Strange feeling yesterday - I put on some pre-op khaki pants and at that time, they were loose but not falling down. After driving into work and then sitting at my desk for a couple hours, they stretched out and by lunchtime, I needed to keep my hands in my pockets simply to hold my pants up. The butt was super baggy...the waist was baggy...it was funny and impressive (at one point these pants barely fit) but also a bit dangerous...had anyone tugged on my pants, they would have easily fallen down to my ankles.
I can also easily fit into tops in my closet that are 18/20's, not 22/24. That's a great feeling as well.
My bras no longer hurt. No more digging into my shoulders or my sides.
My sportsbras are almost too big...there's more bounce happening than I remember - time for a smaller size there...
Some of my shoes now feel 'sloppy'. Shoes that were once fitting perfectly now feel a bit loose.
All of this after shedding 50 pounds. I'm 1/3 of my way to my goal. I'm still so curious to know what everything will be/look like/feel in 100 more pounds!!!
I've struggled to get my water in for the past couple days. As a result I woke up with a horrendous headache this morning. Dehydration. Not cool. I really really need to make a conscience effort of drinking water.
I ordered some Bariatric Chewable vitamins on Amazon. I haven't been taking my vitamins as religiously as I should be...so I got some new ones to see if they were better than Flintstones. Nope. They're also equally disgusting. However I will bring my Flintstones to work so I can take one in the morning if I forget at home.
The weight is still coming off in interesting places first. My gut is going to be the last to go. Not much I can do about it - I think it's just how my body is dealing with all this. Hitting the gym to workout is great - I love 9Round - but I'm still the largest person in the room there AND I have to modify almost every 'active transition' because of my chipped tibia. Anything involving jumping or the plank position is really really painful. So I do a lot of running in place. Whatever - at least I'm there moving my body, right?? But in my twisted head, all I think is how everyone must be judging me. "look at that big girl - she's so big she can't even DO half this stuff". That's what they're saying inside my head. When in reality, I doubt they're even noticing that I'm doing my own thing and if they do, do I really care??? I'm not judging anyone there. Why do I automatically assume they're judging me? Because I do. That's part of the insanity that is my brain.

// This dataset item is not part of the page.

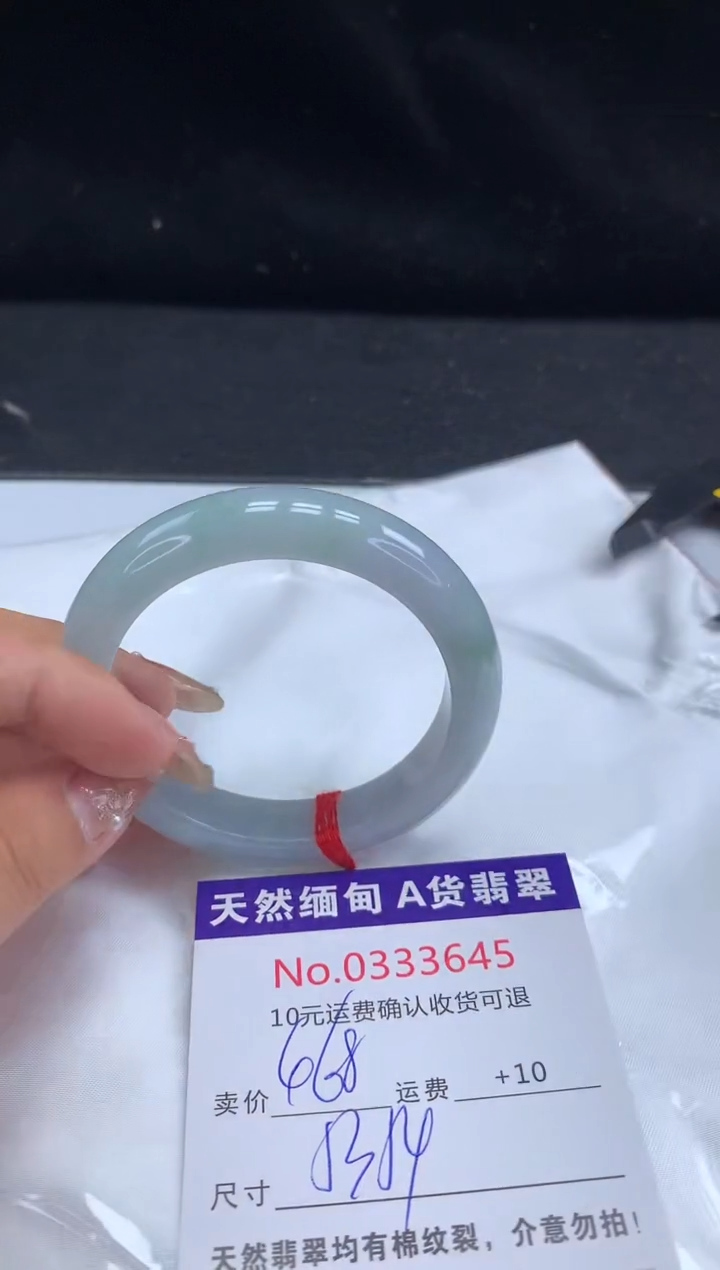 【闪购商品】翡翠手镯未镶嵌有纹，完美者勿拍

Another crazy thinking thing that is happening involves calories. I track everything I eat/drink in MyFitnessPal. I have it on my phone. I have my Fitbit linked to it. I'm not sure where the 'normal' line is drawn about watching calories though. Tuesday, I had 10-15 Pita Chips. I logged them - 150 calories. I was still under 550 calories for the entire day...so no big deal, right?? I couldn't forgive myself for eating the stupid pita chips. They tasted amazing. I chewed them up to a delightful paste in my mouth...texture wasn't an issue. They went down fine. I still lost a pound by the morning. So why am I obsessing over this??? I didn't eat an entire pint of ice cream or half a pizza. I didn't even eat a normal serving size of Pita Chips. I need to be mindful of this so it doesn't spiral.